The former department chief is largely letting her former colleagues handle the controversy.

Without an official infrastructure of her own, Hillary Clinton is relying on the State Department to fill the vacuum and defend her exclusive use of a personal email account for government business.

In a press briefing Tuesday, department spokeswoman Marie Harf repeatedly asserted that the former secretary of State had not broken any laws or subverted official policy, telling reporters that as long as emails were preserved, there was "no prohibition on using a non-State account."

Because Clinton hasn't officially launched a campaign, she doesn't have her own organization to respond to criticism. In response, groups supporting Clinton, such as Democratic watchdog Correct the Record, have jumped in to defend the nascent candidate. Clinton's former workplace has been no exception.

Trying to neutralize the flap, Harf said she was surprised by the "breathless reporting" on the Clinton emails, noting that it had already been public knowledge that the presidential contender used her personal email while secretary.

What Clinton did, Harf said, was "by no means unusual"—in fact, she said, John Kerry is the first secretary of State to exclusively use the official state department email. This contradicts a spokesperson for former Secretary Condoleezza Rice, who told NBC on Tuesday that Rice "did not use her personal email for official communication as secretary."

Touting Clinton's transparency efforts, Harf said that when the State Department put out a call for former secretaries to turn over their email records for preservation, Clinton was the only one who responded. She handed over more than 55,000 pages of emails to the department.

Harf also repeated her assurance that Clinton's use of a personal account rather than a secure government address did not breach state security.

"This was an unclassified email," she said. "No classified email was done on it."

Clinton rarely used email for official business, a former State department official told Bloomberg Politics. Instead, she communicated over the phone or in person.

On Tuesday, the notoriously tight-lipped Clinton camp broke its silence to respond to the reports. In astatement, Clinton spokesman Nick Merrill said "both the letter and spirit of the rules permitted" Clinton's use of a personal email, pointing to a precedent set by former secretaries.

"Like secretaries of State before her, she used her own email account when engaging with any department officials," he said. "For government business, she emailed them on their department accounts, with every expectation they would be retained."

In the briefing, Harf said Clinton's email practices were acceptable because her emails were preserved.
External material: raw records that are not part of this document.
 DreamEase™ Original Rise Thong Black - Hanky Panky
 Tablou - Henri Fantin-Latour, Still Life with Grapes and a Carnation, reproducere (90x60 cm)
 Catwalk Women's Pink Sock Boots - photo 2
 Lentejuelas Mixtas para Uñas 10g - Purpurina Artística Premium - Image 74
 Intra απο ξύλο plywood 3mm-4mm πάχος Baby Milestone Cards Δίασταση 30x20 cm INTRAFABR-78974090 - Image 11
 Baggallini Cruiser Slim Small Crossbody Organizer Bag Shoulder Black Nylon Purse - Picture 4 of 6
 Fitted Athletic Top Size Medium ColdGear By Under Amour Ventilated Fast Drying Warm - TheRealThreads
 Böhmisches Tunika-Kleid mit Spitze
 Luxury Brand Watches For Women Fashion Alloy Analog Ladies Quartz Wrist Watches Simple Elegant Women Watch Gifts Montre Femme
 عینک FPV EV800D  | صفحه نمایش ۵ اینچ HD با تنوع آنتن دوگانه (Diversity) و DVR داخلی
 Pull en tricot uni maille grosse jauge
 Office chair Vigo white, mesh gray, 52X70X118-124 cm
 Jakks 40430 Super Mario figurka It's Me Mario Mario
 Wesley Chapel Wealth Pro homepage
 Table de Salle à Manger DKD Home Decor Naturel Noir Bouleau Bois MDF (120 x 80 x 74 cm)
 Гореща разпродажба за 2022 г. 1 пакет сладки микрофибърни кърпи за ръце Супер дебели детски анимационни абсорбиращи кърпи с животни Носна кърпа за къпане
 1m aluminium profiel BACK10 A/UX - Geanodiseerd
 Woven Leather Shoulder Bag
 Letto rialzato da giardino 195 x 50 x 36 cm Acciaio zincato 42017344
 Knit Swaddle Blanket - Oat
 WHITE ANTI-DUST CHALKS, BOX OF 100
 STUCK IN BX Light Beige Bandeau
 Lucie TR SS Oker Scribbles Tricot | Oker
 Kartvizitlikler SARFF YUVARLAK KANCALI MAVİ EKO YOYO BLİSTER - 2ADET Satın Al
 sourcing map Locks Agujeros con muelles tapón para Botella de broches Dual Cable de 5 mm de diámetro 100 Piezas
Because many were sent to other State Department officials who did use government accounts, she said, many of Clinton's emails were retained.

As far as the security of a personal account, Harf declined to comment, telling reporters she wasn't going to "get into those specifics" of what kind of account Clinton used, be it Gmail, AOL, or another provider.

And on whether Clinton received an official government email and chose not to use it, or never got one at all, Harf said she didn't know.